Write out nothing but the lines from the one containing "Stylish Flat - Great" through the last line below, both included, and without the pictures.

===== EXTRACTED INFORMATION

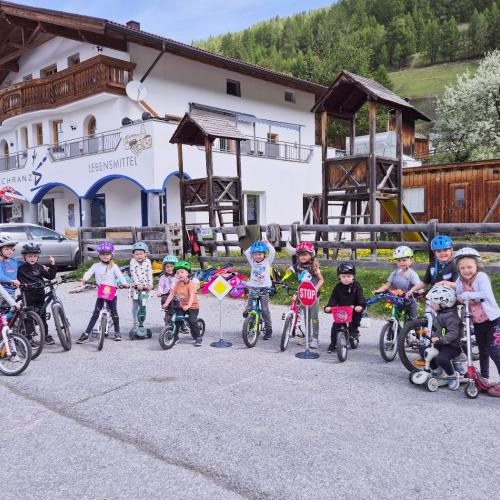 Kinder vor dem Sportplatz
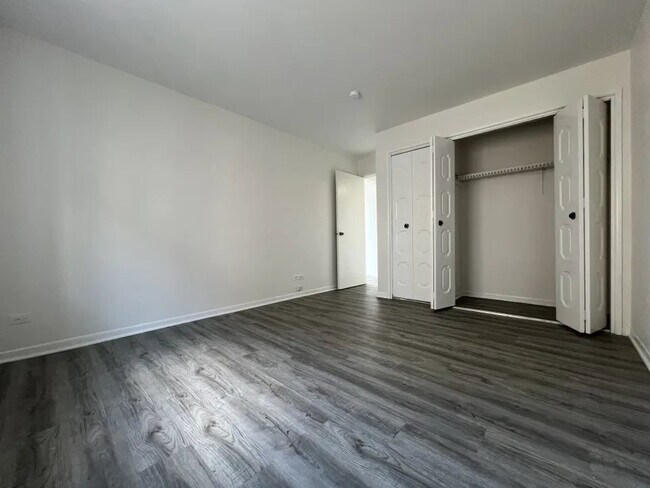 Foto del edificio - 2300 N Harlem Ave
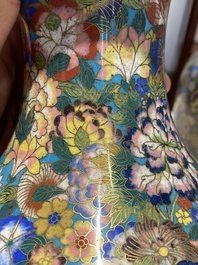 Een paar fraaie Chinese cloisonn&eacute; 'millefleurs' vazen, merk van het atelier De Cheng, Peking, 2e helft 19e eeuw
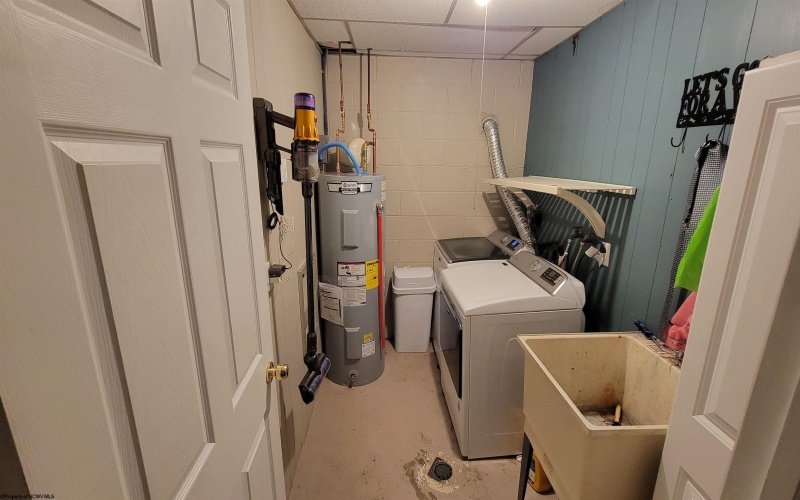 1810 Bunker Avenue, Fairmont, West Virginia 26554, 3 Bedrooms Bedrooms, 7 Rooms Rooms,2 BathroomsBathrooms,Single Family Detached,For Sale,Bunker,10163389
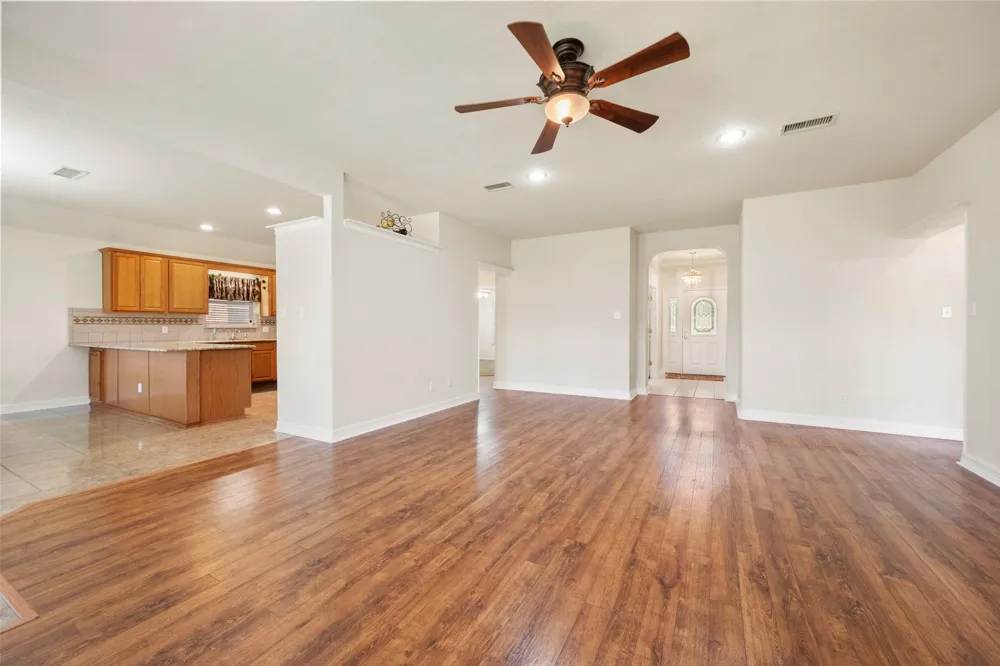 1104 Starling Court Burleson, TX 76028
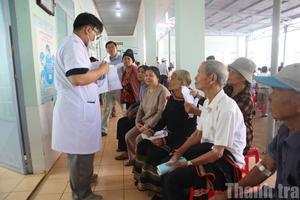 Đắk Lắk chi hơn 114 tỷ đồng mỗi năm mua bảo hiểm y tế cho người cao tuổi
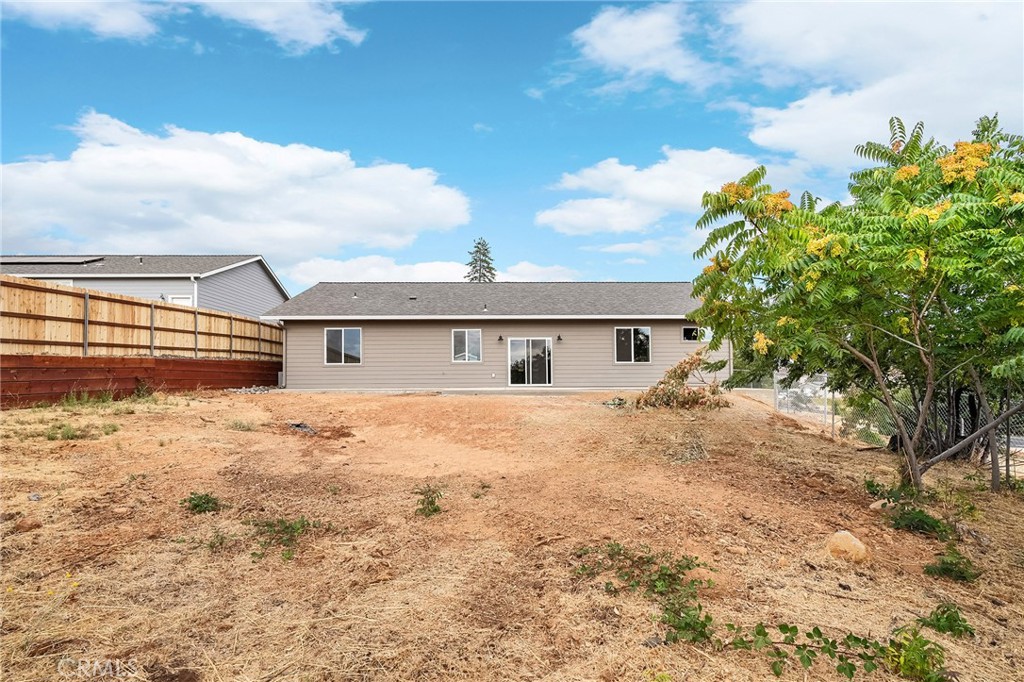 5885 Pine View Drive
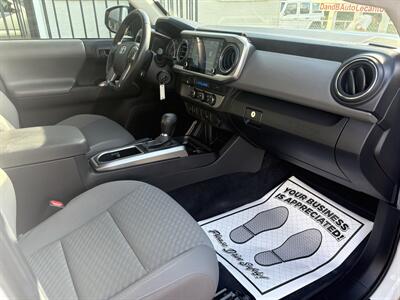 2022 Toyota Tacoma SR5 V6   - Photo 19 - Lecanto, FL 34461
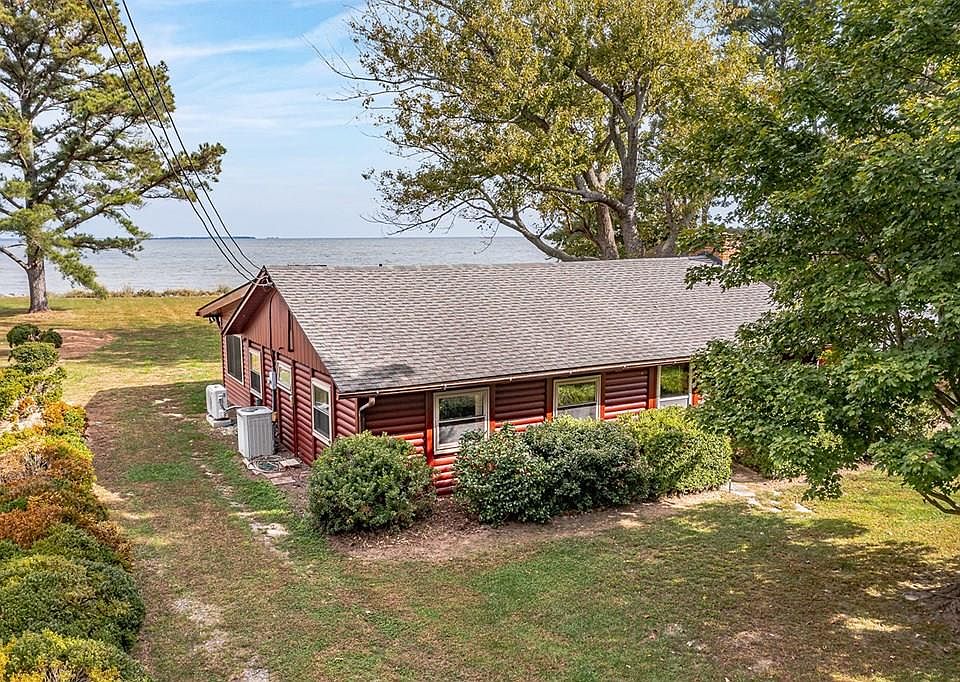 1st image of 44 Bay Quarter Dr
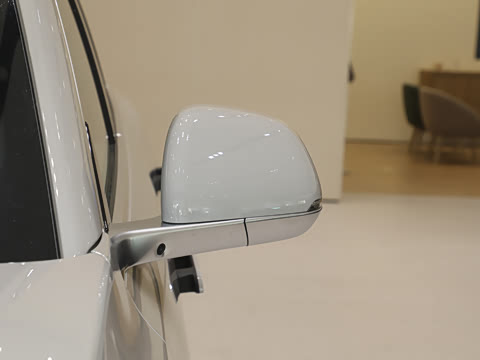 2025�� Pro ���ܻ��°�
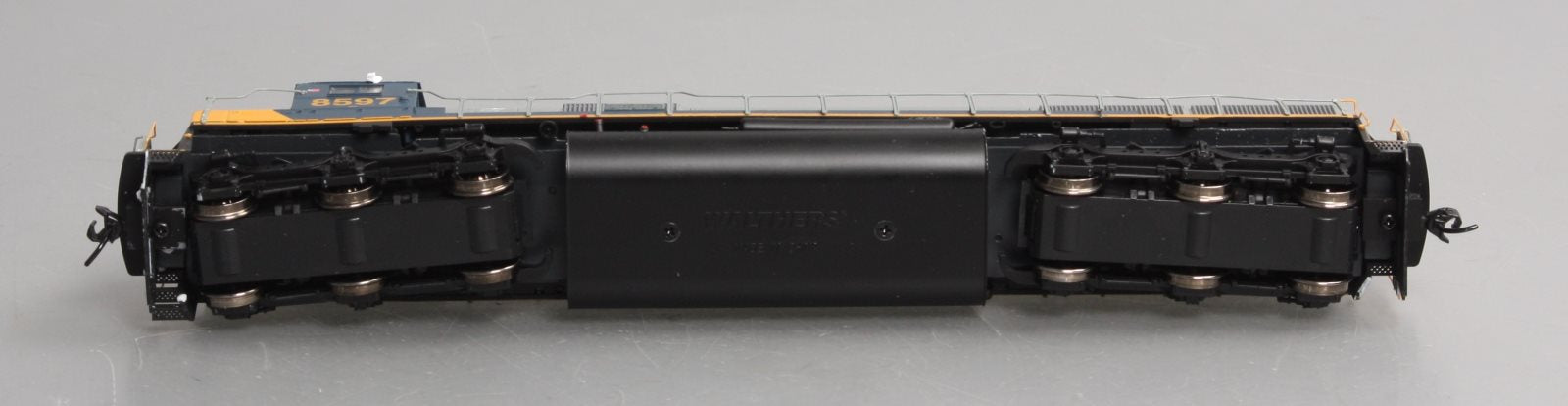 Walthers 910-20369 HO CSX SD50 Diesel Locomotive with ESU Sound/DCC #8597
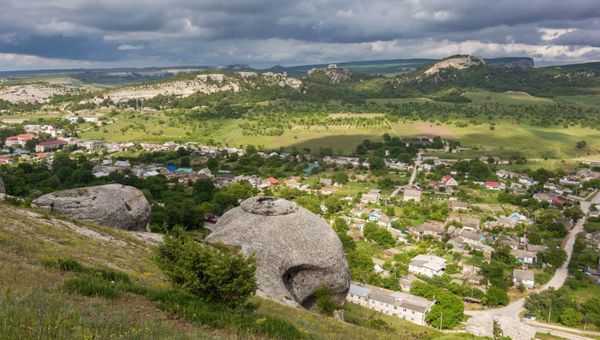 Скалы над селом Красный Мак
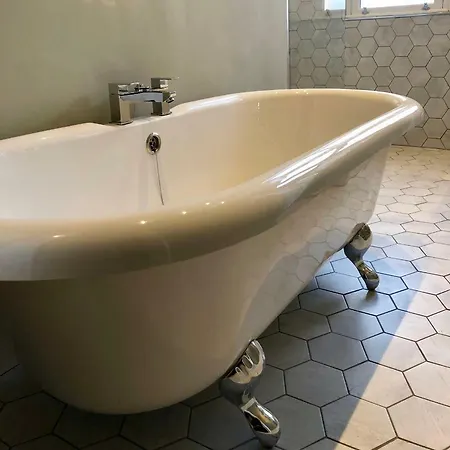 Stylish Flat - Great Central Location! شقة إدنبرة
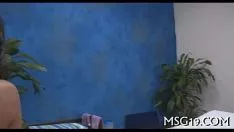 Redare Missy cu sânii minusculi îl adulează pe sashay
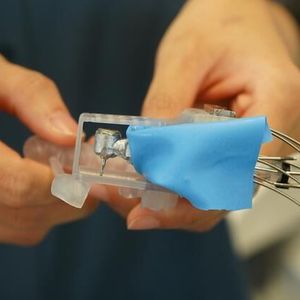 In future, the dental robot will be able to use sensors to check its position and correct it if necessary. (Source:  University of Basel/ Catherine Weyer)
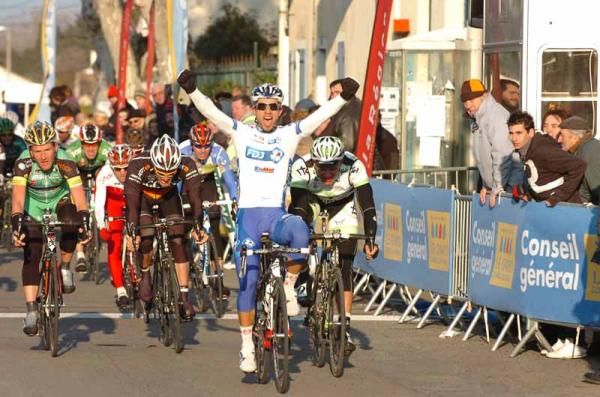 Nacer Bouhanni (FDJ-BigMat) takes the win and the lead after stage 1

==========

▶ [SOLUTION TO THIS EXERCISE]:
 Stylish Flat - Great Central Location! شقة إدنبرة
 Redare Missy cu sânii minusculi îl adulează pe sashay
 In future, the dental robot will be able to use sensors to check its position and correct it if necessary. (Source:  University of Basel/ Catherine Weyer)
 Nacer Bouhanni (FDJ-BigMat) takes the win and the lead after stage 1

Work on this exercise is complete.